## WHAT THIS TASK INVOLVES
Looking at the listing below, retype exactly the lines starting at the one containing "Pemprov Lampung Perkuat" and ending at the one containing "Türkiye-Meksika Dostluk Grubu", both included, and nothing else.

## INFORMATION GIVEN
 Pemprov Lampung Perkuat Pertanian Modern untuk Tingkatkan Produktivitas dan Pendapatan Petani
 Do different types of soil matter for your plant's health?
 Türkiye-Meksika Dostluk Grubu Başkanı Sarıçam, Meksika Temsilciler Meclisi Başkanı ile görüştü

* * *

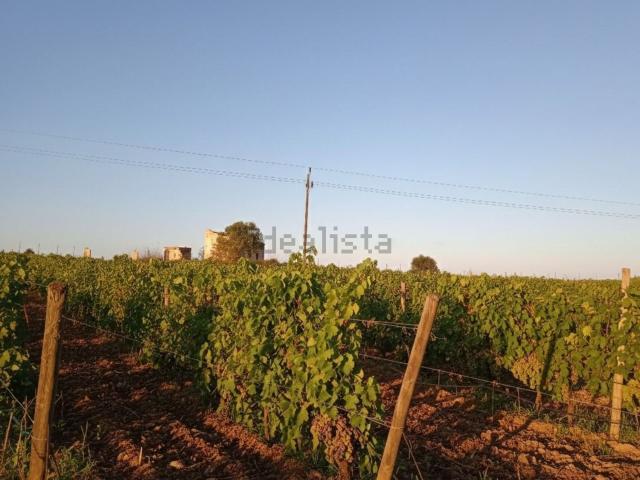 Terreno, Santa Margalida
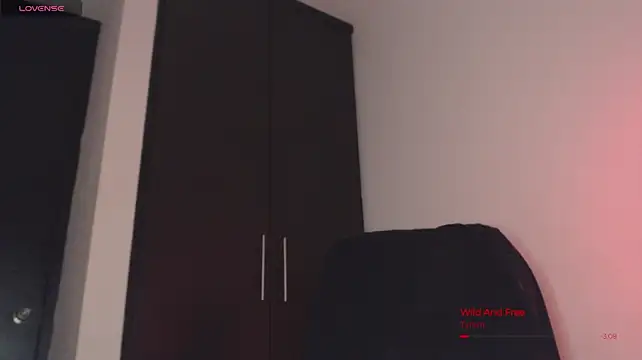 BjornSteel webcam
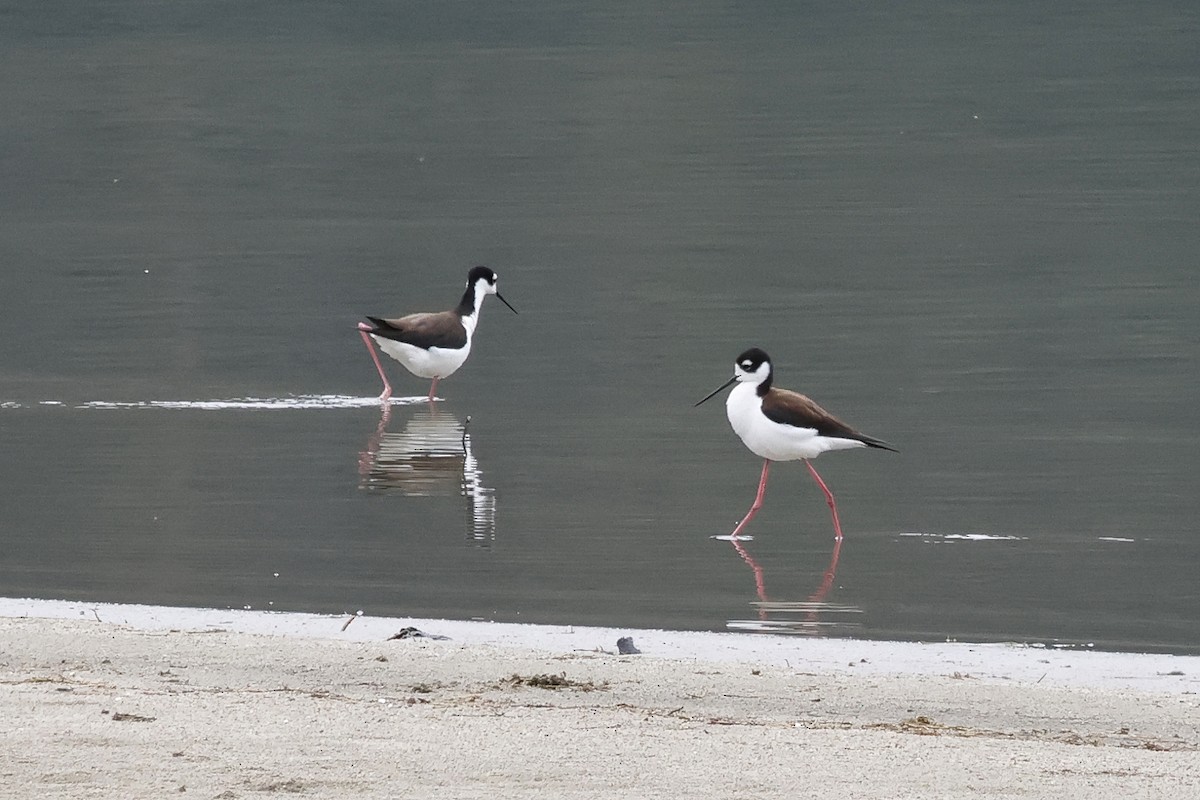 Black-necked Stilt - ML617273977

---

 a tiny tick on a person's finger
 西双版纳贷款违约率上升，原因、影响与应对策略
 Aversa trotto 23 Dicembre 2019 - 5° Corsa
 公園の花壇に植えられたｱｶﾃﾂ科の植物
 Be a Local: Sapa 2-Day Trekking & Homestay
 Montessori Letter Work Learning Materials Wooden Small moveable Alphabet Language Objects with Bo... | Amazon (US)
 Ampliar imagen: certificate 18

## RESPONSE TO THE TASK
 Pemprov Lampung Perkuat Pertanian Modern untuk Tingkatkan Produktivitas dan Pendapatan Petani
 Do different types of soil matter for your plant's health?
 Türkiye-Meksika Dostluk Grubu Başkanı Sarıçam, Meksika Temsilciler Meclisi Başkanı ile görüştü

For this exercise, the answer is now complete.